I May Destroy You review: Uncompromising, personal TV
Staff Reporter | On 08, Jun 2020
This is a spoiler-free review based on the opening four episodes.
“I can only tell you to take care of yourself when possible.” That’s the advice given to Arabella (Michaela Coel) after she was sexually assaulted. Other advice includes doing creative acts to help recovery, as well as identify people around her that she trusts. But I May Destroy You, Coel’s remarkable, ambitious, striking and thought-provoking series, explores just how difficult a notion trust can be today, as it questions concepts of consent in a digital age.
In some ways, the world has changed dramatically and, in many others, it’s exactly the same as it always has been, with exploitation and abuse under-reported and under-discussed. To make a series exploring these issues is a bold move in itself but to make one that doesn’t offer easy answers is even bolder; this is a candid, complex watch that wrestles with big questions in a way that’s designed to challenge an audience.
We meet Arabella as she’s trying to crack her difficult second novel. Her first, Chronicles of a Fed-Up Millennial, was a book made up of tweets that struck a chord with her followers. Actually penning a follow-up, though, turns out to be much harder, and so she ducks out on a deadline in favour of going drinking – and then wakes up the following morning unable to remember anything else that happened. She went to a bar, but where did she go after that? Why has she got a cut above her eye? And why does she keep having recollections of a man in a bathroom doing something that definitely doesn’t seem friendly?
Her life after that night is repeatedly interrupted by flashbacks to that man, a relentless and unsettling barrage of images that leaves us as disoriented as Arabella is – and, as she begins to investigate what happened that evening, we join her on what is initially a pseudo-detective drama. But I May Destroy You is looking to tell more than that story, and the scope widens out to include the lives of those around her, from her friend, Terry (Weruche Opia), an actor trying to make her way in the industry, and fitness instructor Kwame (Paapa Essiedu) to banker Simon (Ami Ameen).
Each one of them have their own complicated situations to navigate, and their busy lives lead to encounters that increasingly blur the lines between witting and unwitting participation.
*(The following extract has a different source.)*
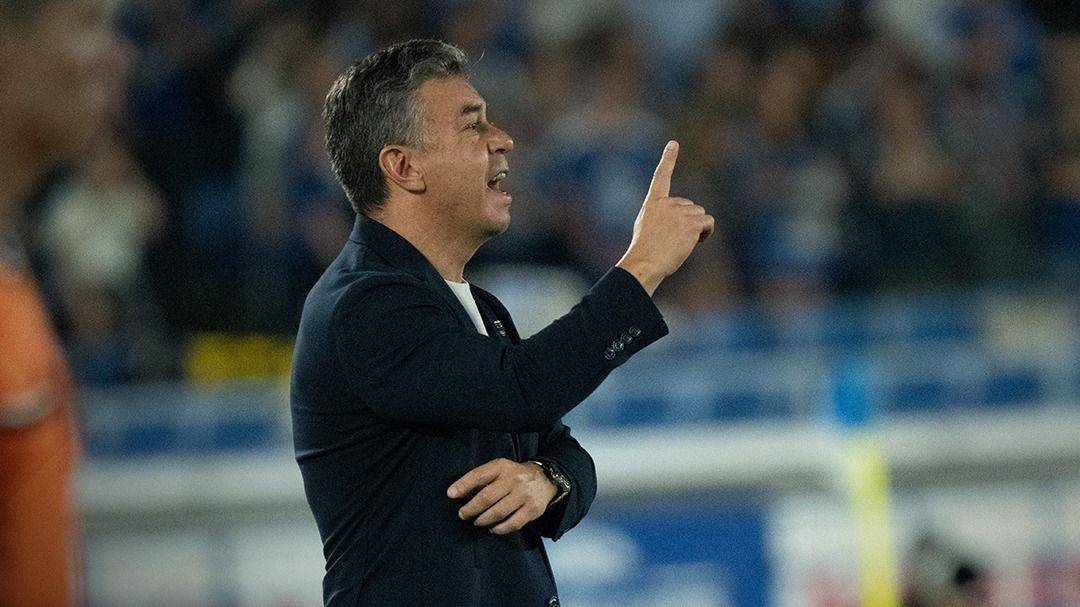 Enner Valencia apoyó a Marcelo Gallardo pese al mal arranque en Ecuador: "Confiar"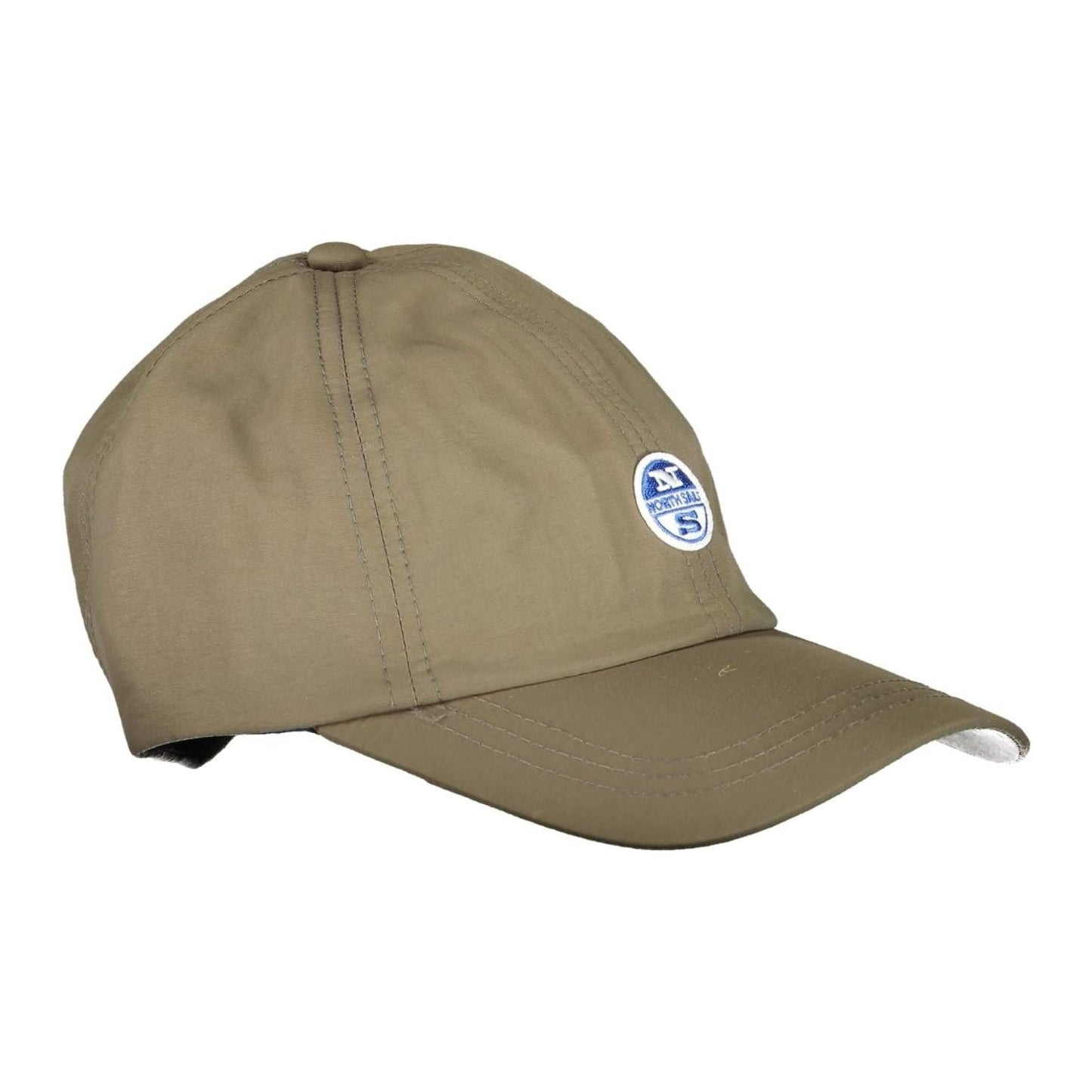 North Sails Green Polyamide Men Cap North Sails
The series makes it clear that agreeing to do one thing doesn’t automatically means someone is comfortable doing another thing, and the script’s frank, intimate and nuanced dissection of every step along that spectrum is remarkably well observed. It’s coupled with a non-judgemental attitude towards Arabella, whose habits involving a range of substances aren’t shied away from but also not presented as any form of blame for what happens to her; rather, it spends the time capturing her trauma after the fact, as she becomes incapable of sitting in a bar without nervously looking at every drink nearby.
Threesomes and other hook-ups prove equally as messy, as we watch dates and evenings move fluidly from cheerful and exciting to distressing and uncomfortable. That messiness runs through the whole show, with the cast bringing a realism and naturalism to the rarely simple existence of 20-somethings in contemporary London. Perceptions and presumptions are undermined, while memories and recollections are perpetually proven to be unreliable, all served up with critiques of sexism, Oxbridge elitism and more, and a lot of explicit bedroom sequences. If all of that sounds heavy viewing, you’ll be surprised (unless you’ve seen Coel’s Chewing Gum) just how entertaining I May Destroy You can be, as it sneaks laughs in throughout the show even as it deconstructs the mental image society has given us of victims. With trust able to be exploited and power and consent able to be taken away behind one’s back in so many different ways, what exactly does a victim of rape or abuse look like today?
In 2018, Coel announced that the Edinburgh International TV Festival that she had been assaulted, and the process of her revealing that experience, and coming to terms with what had happened to her, is what inspired I May Destroy You. Written and exec-produced by Coel, who also stars and co-directs several episodes with Sam Miller, the result is a deeply personal piece of television that captures the experience of putting one’s life back together, bit by bit. Over its opening four episodes, there’s no hint yet of what those pieces will add up to – is the title a promise of revenge yet to unfold? – but it promises to be something memorable, distinctive and uncompromising, and leaves you wondering why all TV shows aren’t exploring these issues right now.
I May Destroy You is available on BBC iPlayer until January 2022.